I'm gonna be honest: I don't think I get this film.

This is how I see the film: It's a Brooklyn neighborhood on a hot, summer day that features a ton of listless characters (mostly black, some Puerto Rican, as assume), who seem to be able to afford a lot of things (sneakers, Jackie Robinson throwbacks, boomboxes) without, seemingly, having jobs (granted, it could be their days off, or they work nights ... but this happening on one day seems unlikely).

Tensions rise when an African-American gentleman (the guys from "Free Willy") wants to order pizza with his boombox playing loudly and another African-American gentleman wants the pizza parlour to erect photos of notable African-Americans on the establishment's walls.

The pizza parlour proprietor (an Italian) objects. As they scream at each other (about pizza, photos and the protest of both), the proprietor smashes the one man's boombox sparking a brouhaha. Cops come, attempt to arrest the guy from "Free Willy" and end up (accidentally or not) strangling him with a billy club.

Thus a riot breaks out and they loot and burn the pizza parlour.

There are tons of questions: Is Spike Lee's character good or bad? Is this a film about black tolerance or non-black tolerance? Does the radio DJ work 24 hours a day? Why is everyone wearing workout clothes and spandex?

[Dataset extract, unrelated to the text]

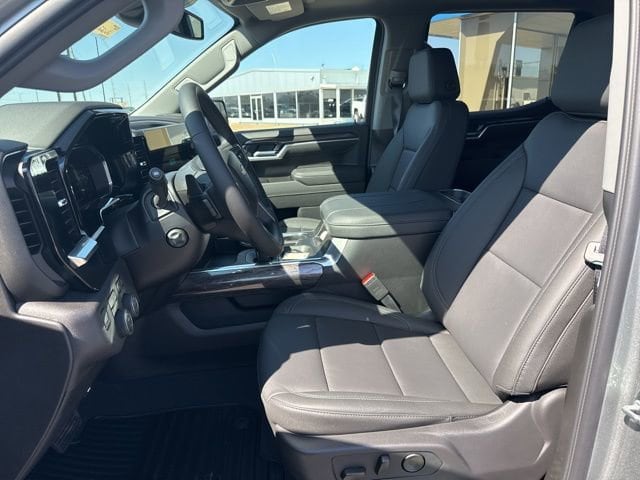 2026 Chevrolet Silverado 1500 LTZ - Photo 11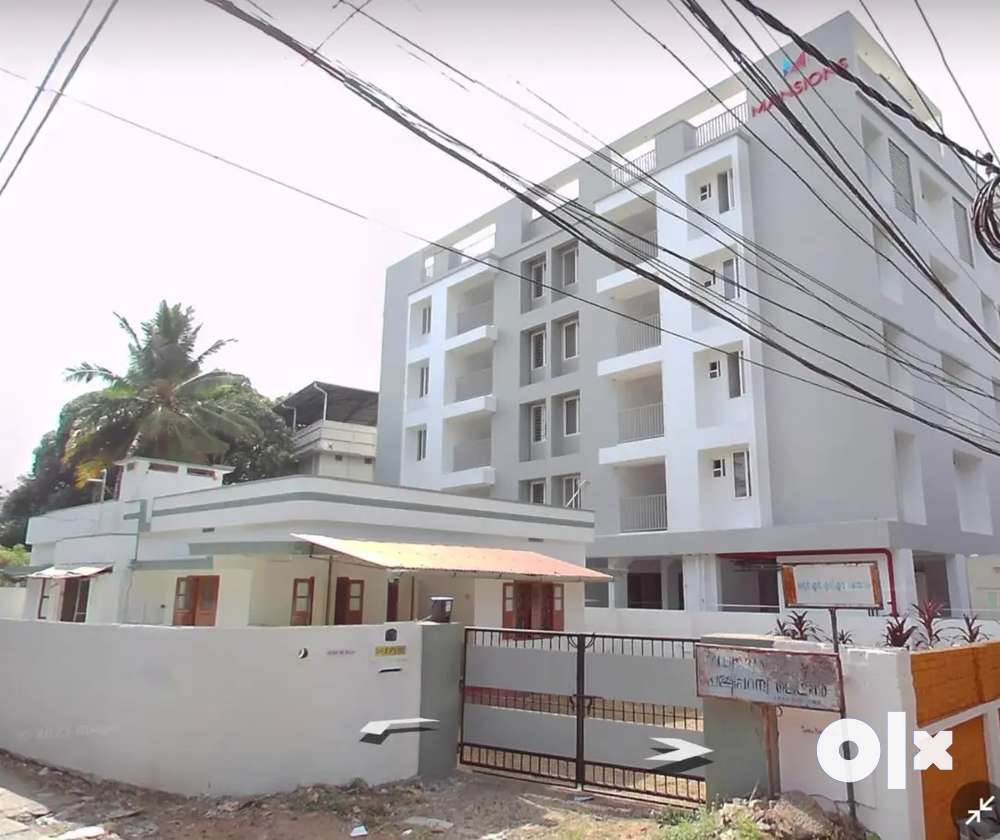 Good old house with 10 cents of land near Kaloor stadium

Most prominently, what's the point? What is Lee trying to tell us? Frankly, this film I don't think communicates understanding and peace, but really the defiance and rejection of both.

It's tough making a film about race because you're taking a 2-hour snapshot of a certain group of characters and making their attitudes and actions out of thin air and that's all the audience is left with. Therefore, you are propagating certain attitudes and feelings and marginalizing a whole group or race. You're basically feeding racism and hate.

"Do the Right Thing" probably is only understood by people that are already not racist, which is like preaching to the choir.

Also, it's a bad film. It's built like a stage play and feels like one. The forced analogies. The forced lines about black musicians or folks who had been killed by police (once the guy from "Free Willy" bites it) really cheapens the entire thing.